Rethinking innovation policy in India: Amplifying spillovers through contracting-out

R. A. Mashelkar, Ajay Shah and Susan Thomas review India’s innovation policy since independence:

At independence, India committed itself fully to foster, promote and sustain the creation of science and scientific research in all aspects. In this paper, we present first principles reasoning on the case for state action, and the optimal mechanisms for using taxpayer resources, to fulfill this commitment. We argue in favour of a reorientation of public spending on innovation: away from building vertical government organisations, and in favour of a contracting-out strategy. Such a strategy would induce knowledge and capabilities in the society, and through this, induce greater gains for the people of India. We present a preliminary sketch of the path to implementation.

Broad lessons:

What has changed today, compared with 1958, is the level of capability in the society – outside the state – that can now be harnessed. The market failure is most directly addressed when public expenditures are delivered into the society: into the high-spillover sites of universities (public and private) and private firms.

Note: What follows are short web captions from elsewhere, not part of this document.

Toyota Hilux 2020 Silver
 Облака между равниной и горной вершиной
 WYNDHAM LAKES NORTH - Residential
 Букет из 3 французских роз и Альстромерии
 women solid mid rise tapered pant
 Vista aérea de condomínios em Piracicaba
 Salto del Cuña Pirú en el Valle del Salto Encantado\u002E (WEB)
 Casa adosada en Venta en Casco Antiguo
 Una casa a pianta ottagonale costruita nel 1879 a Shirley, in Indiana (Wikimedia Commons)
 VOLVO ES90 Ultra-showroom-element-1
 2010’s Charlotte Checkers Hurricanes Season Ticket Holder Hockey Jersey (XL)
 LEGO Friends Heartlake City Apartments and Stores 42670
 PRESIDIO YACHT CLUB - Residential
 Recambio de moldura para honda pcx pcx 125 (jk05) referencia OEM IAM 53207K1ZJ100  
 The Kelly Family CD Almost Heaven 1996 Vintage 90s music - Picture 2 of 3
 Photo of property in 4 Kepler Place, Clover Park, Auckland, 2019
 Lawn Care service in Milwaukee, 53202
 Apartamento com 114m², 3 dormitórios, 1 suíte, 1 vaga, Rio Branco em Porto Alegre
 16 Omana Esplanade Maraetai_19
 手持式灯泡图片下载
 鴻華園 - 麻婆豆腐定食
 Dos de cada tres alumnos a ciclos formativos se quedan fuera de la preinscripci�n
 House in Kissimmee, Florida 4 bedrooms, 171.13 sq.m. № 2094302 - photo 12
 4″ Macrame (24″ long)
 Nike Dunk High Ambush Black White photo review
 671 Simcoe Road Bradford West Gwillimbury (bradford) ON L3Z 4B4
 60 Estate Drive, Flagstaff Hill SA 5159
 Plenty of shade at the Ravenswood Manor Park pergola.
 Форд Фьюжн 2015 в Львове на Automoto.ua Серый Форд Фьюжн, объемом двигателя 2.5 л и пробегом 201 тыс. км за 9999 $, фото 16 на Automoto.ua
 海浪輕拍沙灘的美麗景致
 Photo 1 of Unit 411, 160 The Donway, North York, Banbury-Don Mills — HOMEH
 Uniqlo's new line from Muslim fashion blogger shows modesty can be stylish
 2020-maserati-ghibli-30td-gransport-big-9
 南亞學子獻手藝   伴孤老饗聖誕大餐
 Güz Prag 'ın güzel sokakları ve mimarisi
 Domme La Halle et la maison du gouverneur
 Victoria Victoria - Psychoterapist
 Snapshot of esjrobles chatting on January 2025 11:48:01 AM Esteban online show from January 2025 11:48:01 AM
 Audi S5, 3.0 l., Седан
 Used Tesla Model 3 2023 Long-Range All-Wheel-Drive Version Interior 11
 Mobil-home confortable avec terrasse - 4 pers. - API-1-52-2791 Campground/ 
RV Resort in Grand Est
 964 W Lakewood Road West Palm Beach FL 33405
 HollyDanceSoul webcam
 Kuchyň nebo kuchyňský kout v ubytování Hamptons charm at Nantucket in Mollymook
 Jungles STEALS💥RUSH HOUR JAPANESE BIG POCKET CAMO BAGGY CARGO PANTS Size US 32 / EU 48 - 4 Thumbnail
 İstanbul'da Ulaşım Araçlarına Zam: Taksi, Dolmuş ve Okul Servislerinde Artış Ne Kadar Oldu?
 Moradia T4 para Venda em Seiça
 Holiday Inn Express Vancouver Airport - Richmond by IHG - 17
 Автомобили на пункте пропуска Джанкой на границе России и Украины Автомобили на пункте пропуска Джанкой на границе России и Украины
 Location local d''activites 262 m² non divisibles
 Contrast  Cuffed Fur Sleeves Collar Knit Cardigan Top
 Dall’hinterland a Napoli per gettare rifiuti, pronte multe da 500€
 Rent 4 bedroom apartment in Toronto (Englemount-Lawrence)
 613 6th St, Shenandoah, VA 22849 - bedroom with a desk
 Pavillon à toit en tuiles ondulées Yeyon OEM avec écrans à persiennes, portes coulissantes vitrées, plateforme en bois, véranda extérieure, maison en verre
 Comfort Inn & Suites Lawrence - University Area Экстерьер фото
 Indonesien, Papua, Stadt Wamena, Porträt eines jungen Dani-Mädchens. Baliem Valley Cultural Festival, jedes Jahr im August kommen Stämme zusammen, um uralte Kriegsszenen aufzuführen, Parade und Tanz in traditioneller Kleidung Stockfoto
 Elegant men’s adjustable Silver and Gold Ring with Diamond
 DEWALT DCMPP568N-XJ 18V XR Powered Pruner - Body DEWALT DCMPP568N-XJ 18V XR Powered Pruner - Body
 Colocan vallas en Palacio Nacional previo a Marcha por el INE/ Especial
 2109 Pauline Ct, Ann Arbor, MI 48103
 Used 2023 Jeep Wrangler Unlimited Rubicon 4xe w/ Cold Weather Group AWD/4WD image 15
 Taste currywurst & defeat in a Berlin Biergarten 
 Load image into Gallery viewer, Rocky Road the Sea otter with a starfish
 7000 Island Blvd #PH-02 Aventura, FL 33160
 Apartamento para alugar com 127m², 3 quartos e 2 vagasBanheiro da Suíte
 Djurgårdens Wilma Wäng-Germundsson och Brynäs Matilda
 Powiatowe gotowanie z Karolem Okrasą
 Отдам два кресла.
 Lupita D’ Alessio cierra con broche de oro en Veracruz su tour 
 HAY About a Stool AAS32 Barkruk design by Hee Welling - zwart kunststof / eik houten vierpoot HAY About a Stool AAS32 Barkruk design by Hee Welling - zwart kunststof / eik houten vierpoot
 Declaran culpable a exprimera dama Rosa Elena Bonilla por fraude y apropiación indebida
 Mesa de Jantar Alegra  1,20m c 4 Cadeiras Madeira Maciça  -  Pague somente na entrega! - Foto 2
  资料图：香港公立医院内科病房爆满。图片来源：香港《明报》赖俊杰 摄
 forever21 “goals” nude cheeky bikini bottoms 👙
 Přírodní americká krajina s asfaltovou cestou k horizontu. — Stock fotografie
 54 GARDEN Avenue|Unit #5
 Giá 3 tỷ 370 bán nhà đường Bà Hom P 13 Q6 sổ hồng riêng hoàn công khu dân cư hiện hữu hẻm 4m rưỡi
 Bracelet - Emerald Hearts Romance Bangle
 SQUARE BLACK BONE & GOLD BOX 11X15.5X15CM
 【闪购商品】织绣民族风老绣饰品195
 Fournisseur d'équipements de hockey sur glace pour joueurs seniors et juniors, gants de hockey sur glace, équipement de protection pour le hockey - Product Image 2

While there has been a recognition of these issues in India for some time, there has been a gap in knowledge about the mechanisms of policy reform. Many thinkers and policy makers have been daunted by the problems of mindset, fear of allegations and controversies, and the deficiencies of the invisible infrastructure in the Indian institutional environment. All too often, policy thinking in India engages in a ‘great man theory’ where the solution to a stated problem lies in recruitment of the right people. In this paper, we have undertaken a root cause analysis and have identified the legal texts that require changes. In this paper, we have proposed the ‘drafting instructions’ which can then be turned into precise drafts of legal texts through specialised legal drafting projects.18

A change in course is feasible, and over a decade it can induce considerable gains for innovation policy in India. Our calculations involving expenditure have been conservative in assuming that the values from the past (3% real growth in government r&d expenses) will play out into the future: no acceleration in the growth rate of government expenses on innovation are called for.